Instructor’s Handbook and Web Site
Course Outline
Assignments
Test Bank
Web Template for Online Delivery
The Market
This proposal describes Visual Communication, an online survey course for communications students and for beginning web-designers. It will introduce beginners (and advanced programmers who want to improve their design skills) to all the media that communicate with words and pictures.
Currently, Multi-Media training programs focus on software skills. This course is designed to introduce the background and basic abilities to DESIGN programs. It should be a survey course offered at the beginning of one, two, and four year programs for Multi-Media Technicians.
Some schools introduce these skills as students go along; some have an introduction to Art requirement that teaches some design. But the Design Traditions and Skills are usually considered in passing, rather than as fundamentals for successful web design.

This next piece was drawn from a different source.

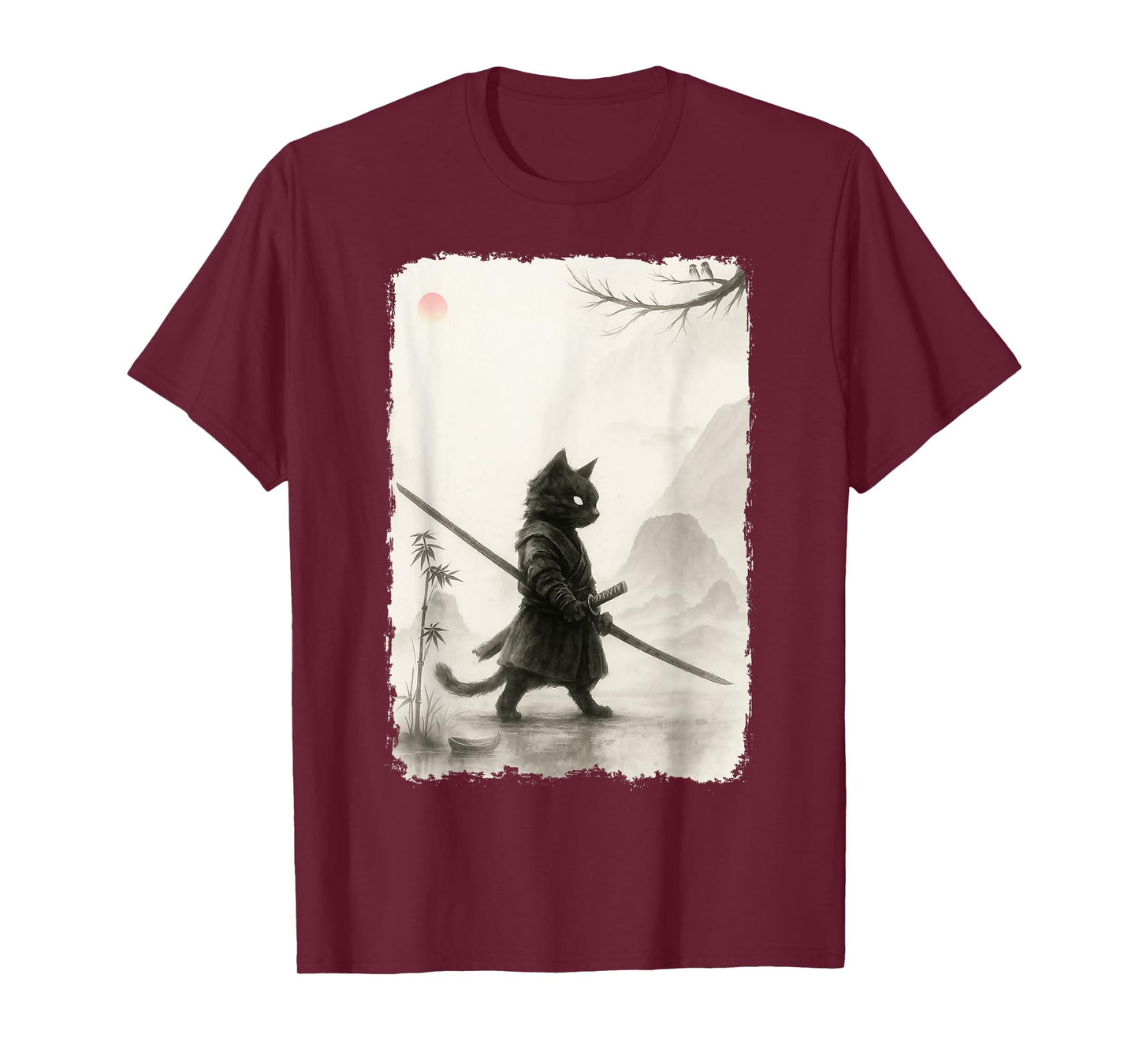 Vintage Samurai Cat Bushido Japanese Ukiyo Graphic Art T-Shirt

The demand for webmasters is so great that students can find work as soon as their schooling ends. But although they know how to operate the programs, they don't necessarily know what looks good or works well.
So, the market is virtually every Multi-Media Training Program in the world.

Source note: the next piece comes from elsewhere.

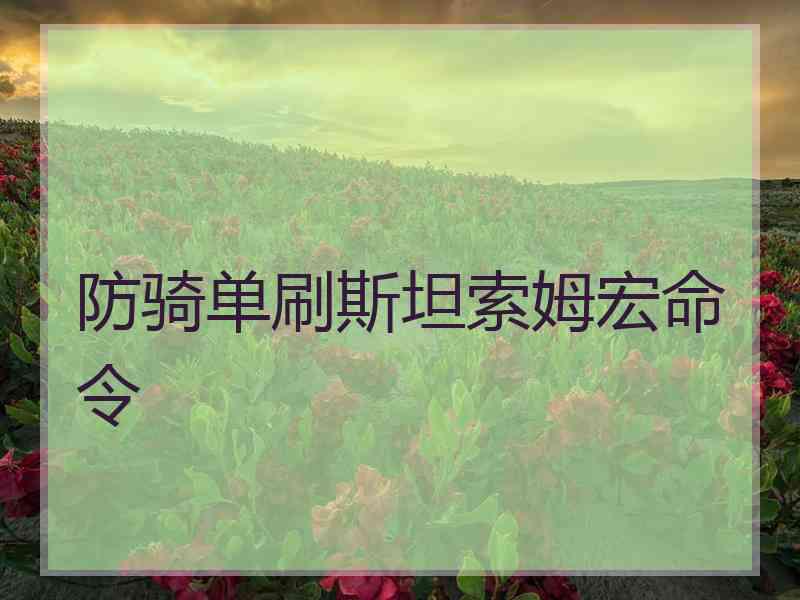 防骑单刷斯坦索姆宏命令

The entire package is designed for an Online Training Program. This opens the market worldwide: as a stand-alone program for professionals, as part of an already established Online Training Program, and as an Online adjunct to established, live-body Multi-Media Training Programs.
Market Research
This project has brought enthusiastic response from the academics I have contacted so far. Industry response has also been positive: Adam Hanin, manager of Higher Education at Compac Computer Corporation, was enthusiastic, and offered to put me in touch with industry professionals. The Seattle Post Intelligencer offered support; Chronicle Books' head designer has agreed to an interview. The Communications Director for the Seattle Community College District, Ross Davis, is interested in producing a series of videos for the course.
The Competition
The competition is scattered, from four-year degree programs to peripherally related single courses. Almost every textbook focuses on the "How" of web design, not the "Why". I know of no textbook for a Visual Communication Course aimed at multi-media professionals. There are a few products that contain some of this material, but they are so focused on Web design that they give little attention to the visual traditions that have shaped all of our understanding of how to "read" pictures. The related areas are Web Design, Art Surveys, and Mass Media Texts. I surveyed all the references available at the League for Innovation Conference last year and could find nothing comparable.

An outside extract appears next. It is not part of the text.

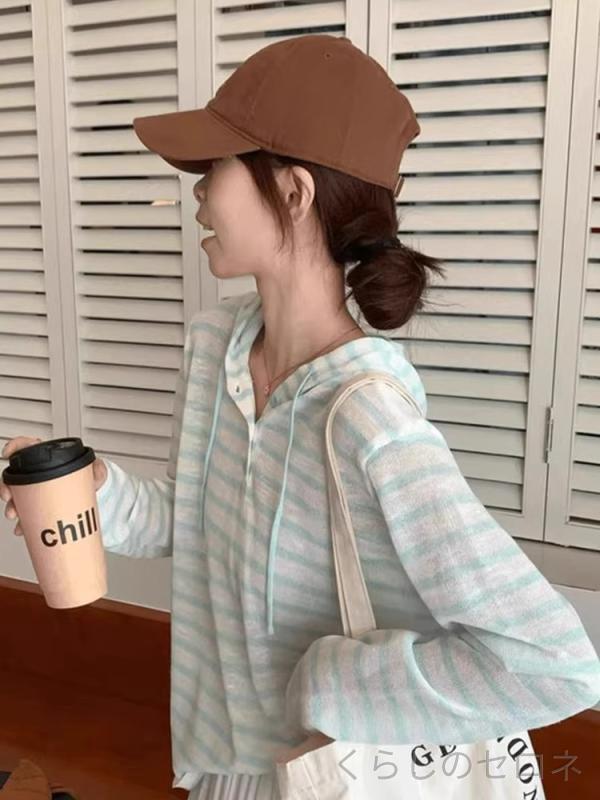 レディース ニット 長袖 Tシャツ フード付き パーカー ストライプ グリーン 薄手 羽織り UVカット 日焼け対策 冷房対策 透け感 紫外線対策 韓国ファッション トレンド おしゃれ カジュアル 春 夏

Visual Communication/Art Surveys: Many schools offer surveys of Art, which contain some of the basic skills in design and art analysis. They rarely connect with real-world skills in graphic design, much less web design. I am aware of only one survey of all the visual media that compares in scope to the proposed project: Visual Communication, by Paul Martin Lester (Wadsworth, now in a 3rd edition). This is a fine work, but contains only one chapter on computers; it doesn’t have an online component; and is limited in its professional applications.
Visual Information: The primary survey work is Paul Lester's Visual Communication, which is the proposed text for this course. His website also provides valuable links. Neither the text nor the website are designed for a stand-alone online course. The works of Edward Tufte are pre-eminent in a smaller area, the use of information graphics. There is another masterwork regarding the use of words and pictures, "Understanding Comics" by Scott McCloud, which has many applications to web design. None stand alone to present the scope of information to be offered in this class.
Mass Media Courses: There are numerous introductory journalism and mass media texts, such as those used for Journalism 100; these focus on words more than pictures, and are inadequately illustrated. However, they do provide the business and historic context that would be included in our work. The website that accompanies North's Journalism 100/MediaWaves course is a good starting place and could supply many of the websites needed for Visual Communications. Websites now accompany many college classes; for example, the University of Washington sponsors a great propaganda site. These will be surveyed and incorporated.
Each industry has texts and histories (photography, film, etc.). These do not consider the entire range of visual communication. Individual textbooks can inform the content for each chapter's subject area. For example, Photo History texts would inform the Photography chapter; Newspaper Editing Texts would inform that Chapter, etc.
Textbooks for Multi-Media Programmers: These focus on the software more than content. Most teach individual programs, rather than a survey of the field.
Proposed Course Designers
Robert Gluckson has created four online courses, including "Introduction to Mass Media" and "Introduction to Film," which have had the highest enrollment of any courses in the Seattle Community College District (more than 2000 since 1994). As part of the Mass Media course, he created television sequences that linked the course of study with a textbook and online resources -- these episodes are shown weekly on SCCD TV and KBTC TV. He has two online continuing education courses in development, "Business Communications" and "Make Thousands in Mail Order." Some lectures were researched for his "Photojournalism History" and "Art, Culture, and Technology of the 20th Century at Southern Oregon University. His recent television production "Words and Pictures" is the first of a series of videos to be used in the course.
He was a presenter and co-producer of the 1994 Media Literacy Conference at Seattle Central Community College, and has taught at Seattle Pacific University and Southern Oregon University; plus art courses at many locations throughout the Northwest. He has two Master’s degrees, one in Popular Culture from Bowling Green State University, and one in Communications from the University of Washington. He also works as a freelance writer and has received three King County Arts Commission Grants for writing on art and media issues.
This project is so large that other writers may be called in. I have spoken with Leonard Rifas, Ph.D. (artist and designer of a 3-D information display program); and Parker Lindner, a teacher and media producer working on Distance Learning issues for Washington State. Paul Lester, author of the related text Visual Communications, is also excited about the project. Television production help is also available.